Please be aware that some programs and video content are temporarily unavailable, as the CEMM transitions to a new website. This content will be available soon but if you have any questions or concerns please contact us here

Pulmonary Edema


Dr. Flemings
Pulmonary edema is an abnormal buildup of fluid in the lungs, which can lead to shortness of breath. Dr. Patel, what else can you tell us about pulmonary edema?

Dr. Patel
Well, Dr. Flemings, pulmonary edema is often caused by congestive heart failure. When the heart is not able to pump efficiently, blood can back up into the veins that carry blood through the lungs. As the pressure in these blood vessels increases, fluid is pushed into the alveoli in the lungs. This fluid reduces normal oxygen movement through the lungs. These two factors combine to cause shortness of breath.

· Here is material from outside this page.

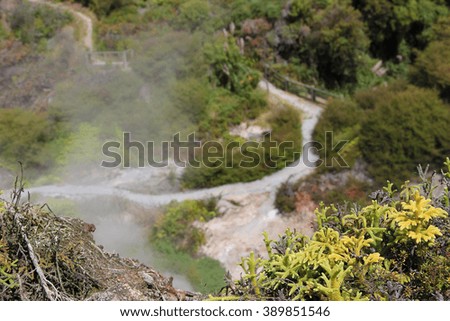 Focus on the plants on the foreground with hiking trails and bridges on the background, near Dragon's Mouth Geyser, Wairakei, New Zealand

Other causes of pulmonary edema include:

  • Certain medications
  • High altitude exposure
  • Kidney failure
  • Narrowed arteries that bring blood to the kidneys
  • Lung damage caused by poisonous gas or severe infection, and
  • Major injury

In addition to shortness of breath, other symptoms of pulmonary edema can include:

  • Coughing up blood or bloody froth
  • Difficulty breathing when lying down
  • Feeling of "air hunger" or "drowning"
  • Grunting, gurgling, or wheezing sounds with breathing, and
  • Problems speaking in full sentences because of shortness of breath

Pulmonary edema is almost always treated in the emergency room or hospital. Oxygen is given through a mask or nasal prongs, or in severe cases, a breathing tube may be placed in the trachea and connected to a ventilator. Diuretics are medications that can help remove excess fluid in the body. Other medications may be used to treat the underlying cause.